### INPUT DATA
__________

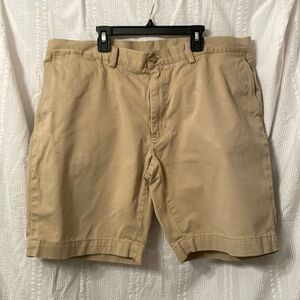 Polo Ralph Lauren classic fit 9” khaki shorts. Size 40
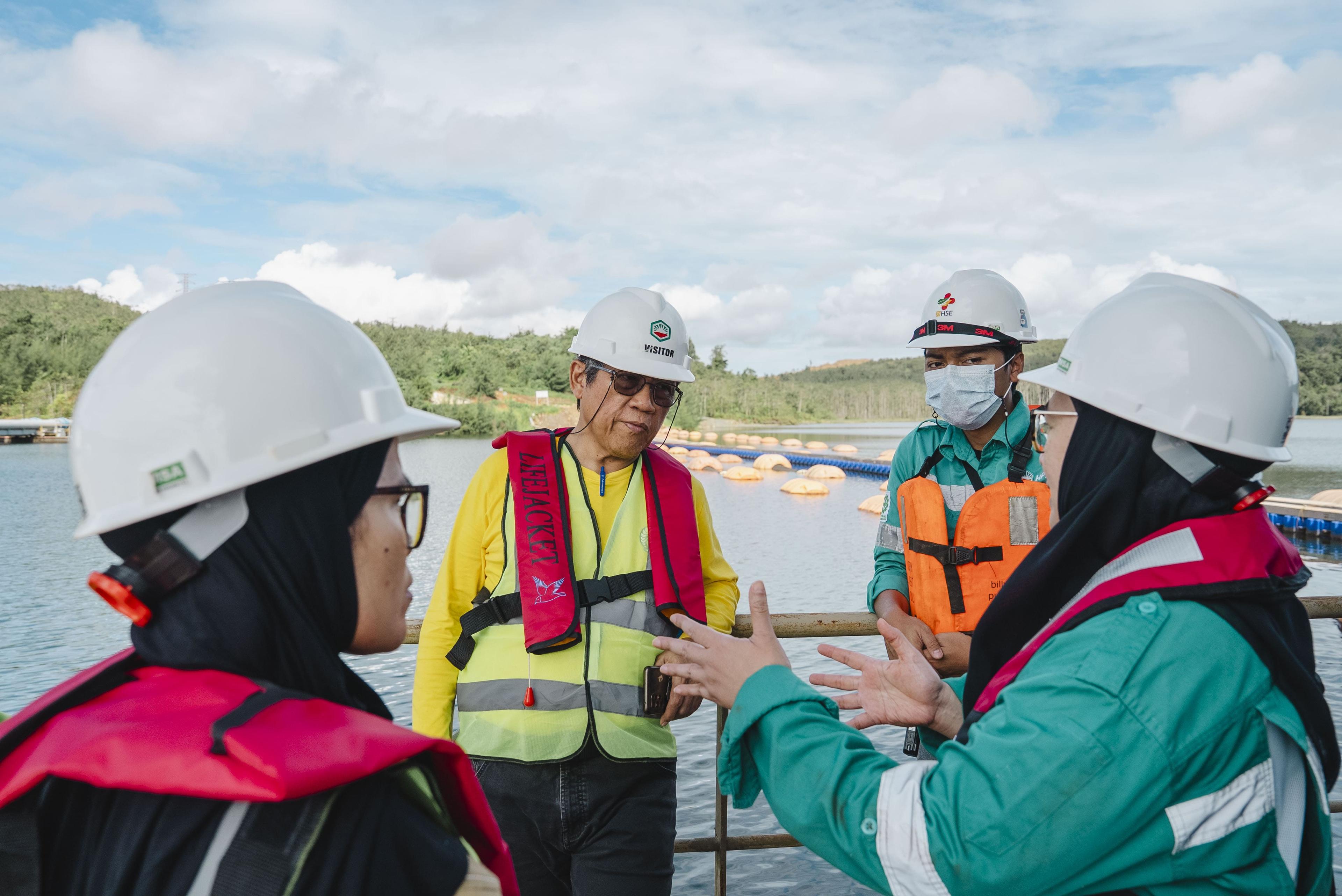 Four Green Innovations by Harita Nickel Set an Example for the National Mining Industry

__________

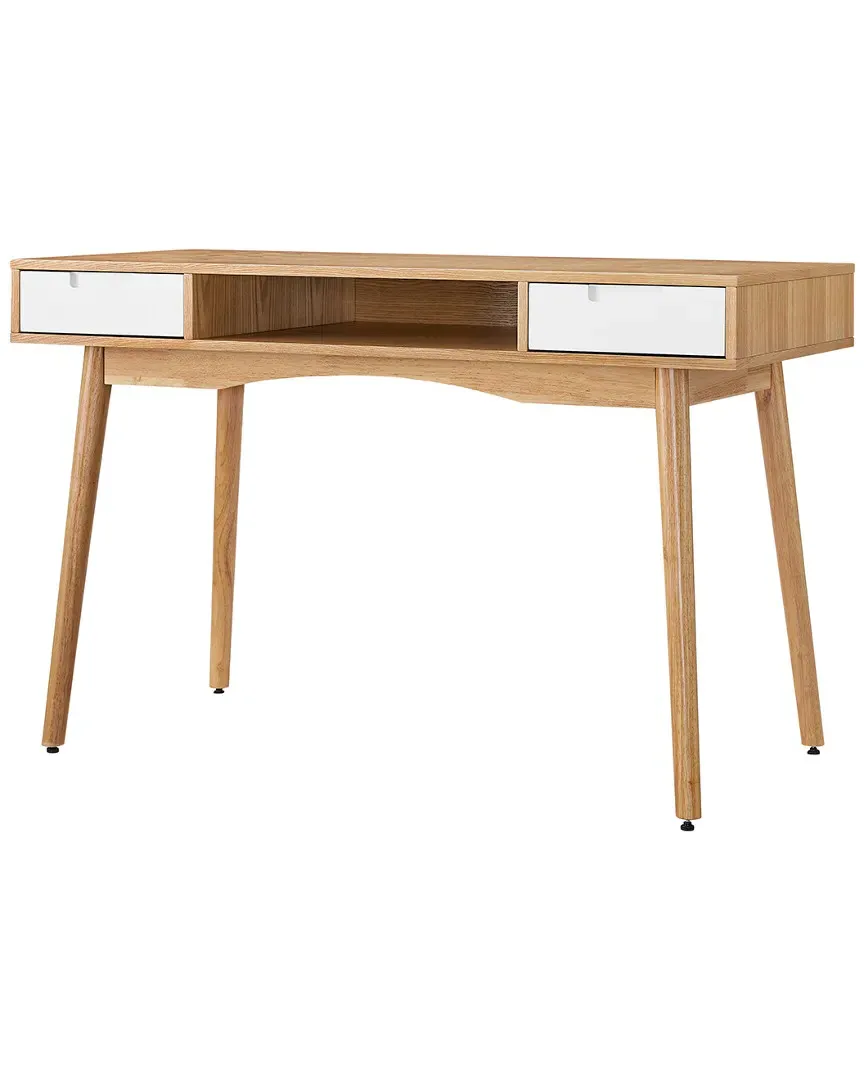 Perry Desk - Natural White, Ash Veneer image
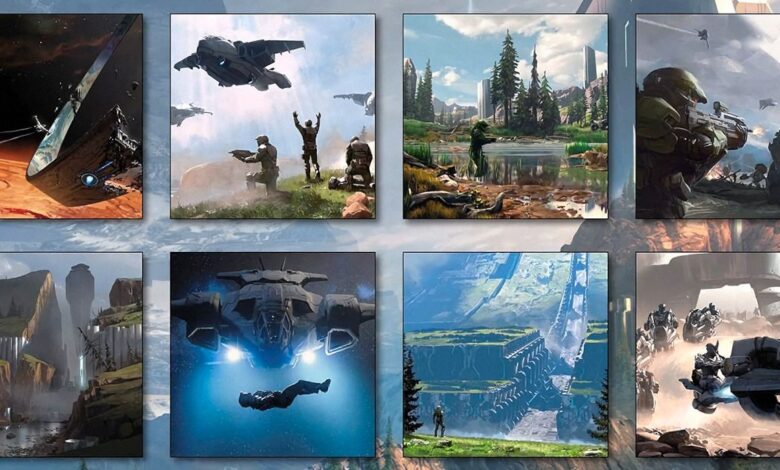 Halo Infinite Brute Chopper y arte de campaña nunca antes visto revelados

__________

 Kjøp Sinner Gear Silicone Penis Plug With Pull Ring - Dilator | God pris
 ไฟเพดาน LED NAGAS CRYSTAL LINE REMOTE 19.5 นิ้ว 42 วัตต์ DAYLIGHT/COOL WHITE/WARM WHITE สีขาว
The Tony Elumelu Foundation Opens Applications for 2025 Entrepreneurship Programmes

__________

### EXERCISE
Word for word, retype the lines in the entries above that run from the one with "Polo Ralph Lauren" through the one with "Four Green Innovations". Both ends count; pictures do not.

### WRITTEN SOLUTION
 Polo Ralph Lauren classic fit 9” khaki shorts. Size 40
 Four Green Innovations by Harita Nickel Set an Example for the National Mining Industry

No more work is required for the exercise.